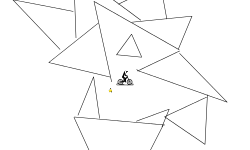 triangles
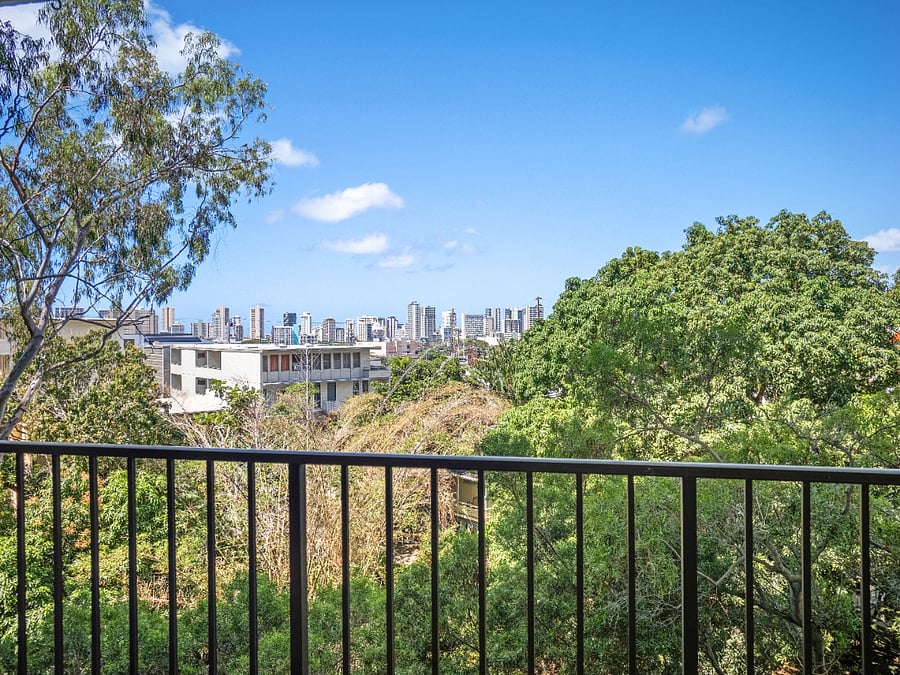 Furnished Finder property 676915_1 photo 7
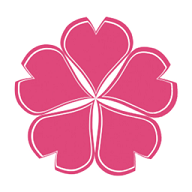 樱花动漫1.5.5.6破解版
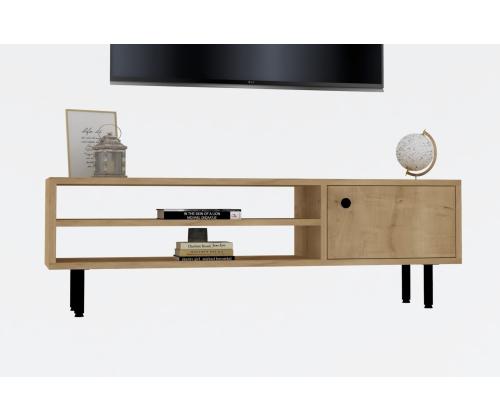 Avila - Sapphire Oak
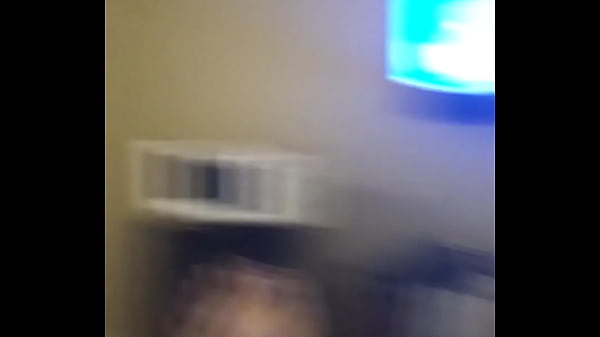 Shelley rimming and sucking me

══════

#### EXERCISE DIRECTIONS:
The answer must be an exact copy of the records, with no images in it.

#### ANSWER BELOW:
 triangles
 Furnished Finder property 676915_1 photo 7
 樱花动漫1.5.5.6破解版
 Avila - Sapphire Oak
 Shelley rimming and sucking me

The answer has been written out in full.